Description of the task:
Exact copies of the lines below are the goal; any images in them are dropped.

Input data:

══════════════════════════════

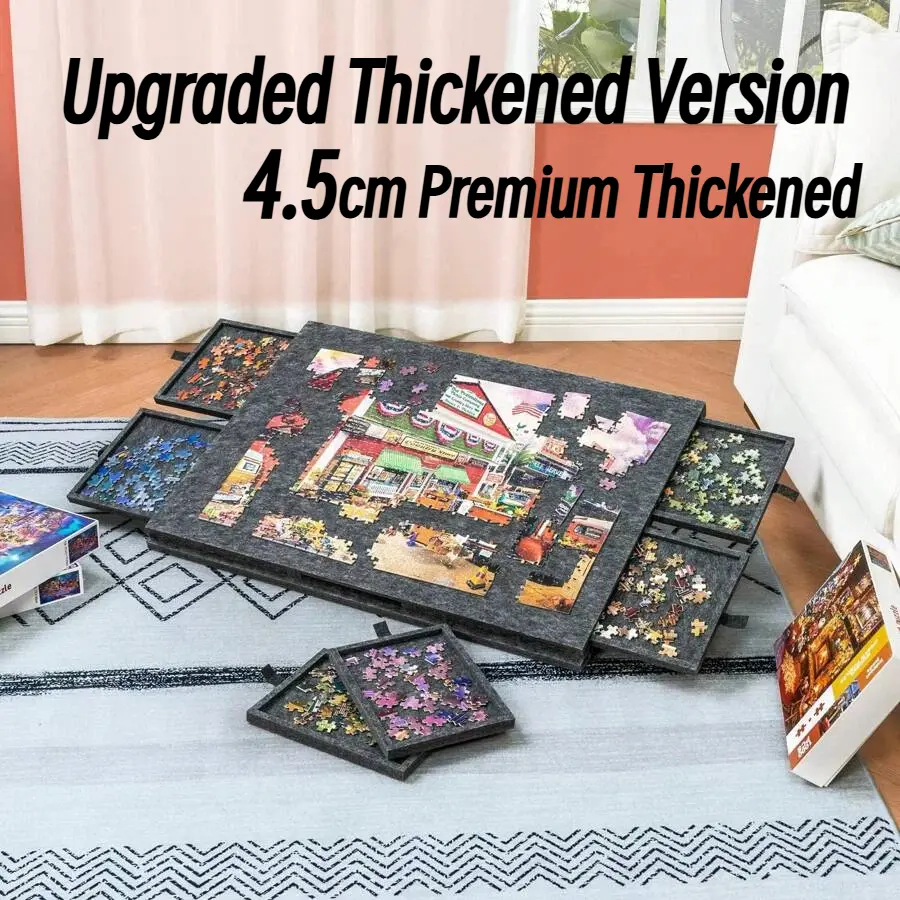 Portable Felt Jigsaw Puzzle Board for 1000-Piece Puzzles | 6 Removable Sorting Drawers, Adjustable Tilt Stand & Protective Cover, 4.5cm Thick Work Surface, Multiple Colors Option, Under‑Sofa Storage Puzzle Accessory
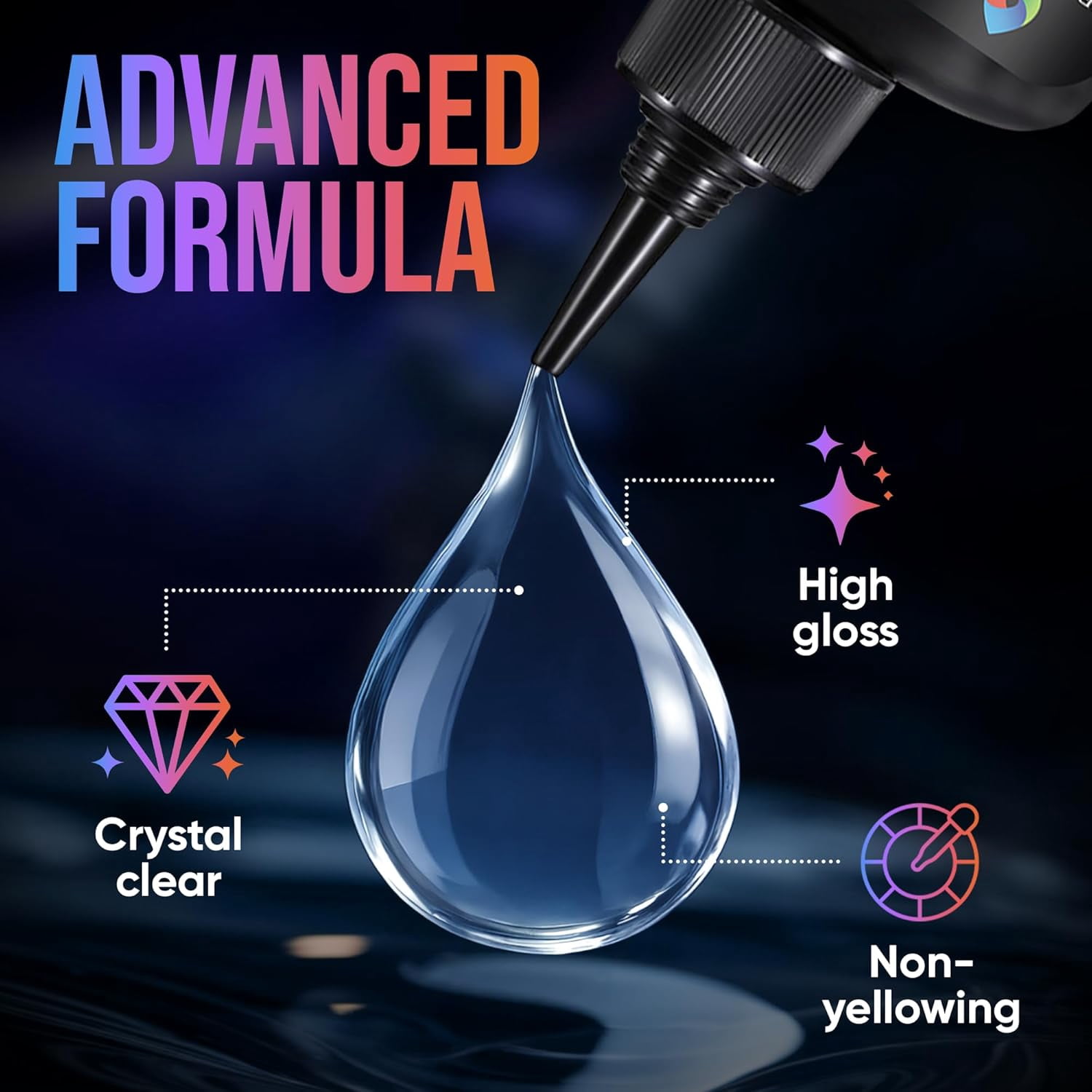 CRAFT RESIN UV Resin Kit with Light - 36W 22 LED Big Lamp and 200g Hard Type Low Viscosity UV Epoxy Resin, Crystal Clear & Non-Yellowing - Starter Kit for Jewelry Making, DIY Crafts & Small Molds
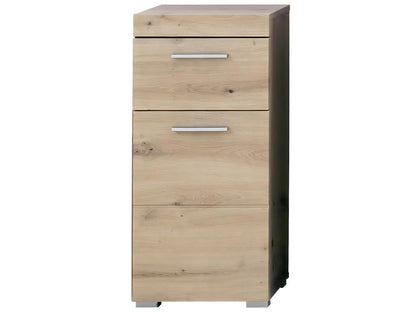 Low bathroom cabinet in knotty oak finish - W- 37 x H- 79 x D- 31 cm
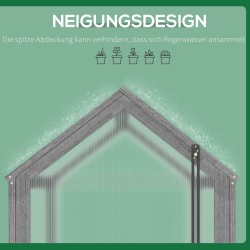 Minikasvihuone ulkokäyttöön, puurunko ja polykarbonaattilevyt, 90 x 52 x 49,5 cm, harmaa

══════════════════════════════

Answer box:
 Portable Felt Jigsaw Puzzle Board for 1000-Piece Puzzles | 6 Removable Sorting Drawers, Adjustable Tilt Stand & Protective Cover, 4.5cm Thick Work Surface, Multiple Colors Option, Under‑Sofa Storage Puzzle Accessory
 CRAFT RESIN UV Resin Kit with Light - 36W 22 LED Big Lamp and 200g Hard Type Low Viscosity UV Epoxy Resin, Crystal Clear & Non-Yellowing - Starter Kit for Jewelry Making, DIY Crafts & Small Molds
 Low bathroom cabinet in knotty oak finish - W- 37 x H- 79 x D- 31 cm
 Minikasvihuone ulkokäyttöön, puurunko ja polykarbonaattilevyt, 90 x 52 x 49,5 cm, harmaa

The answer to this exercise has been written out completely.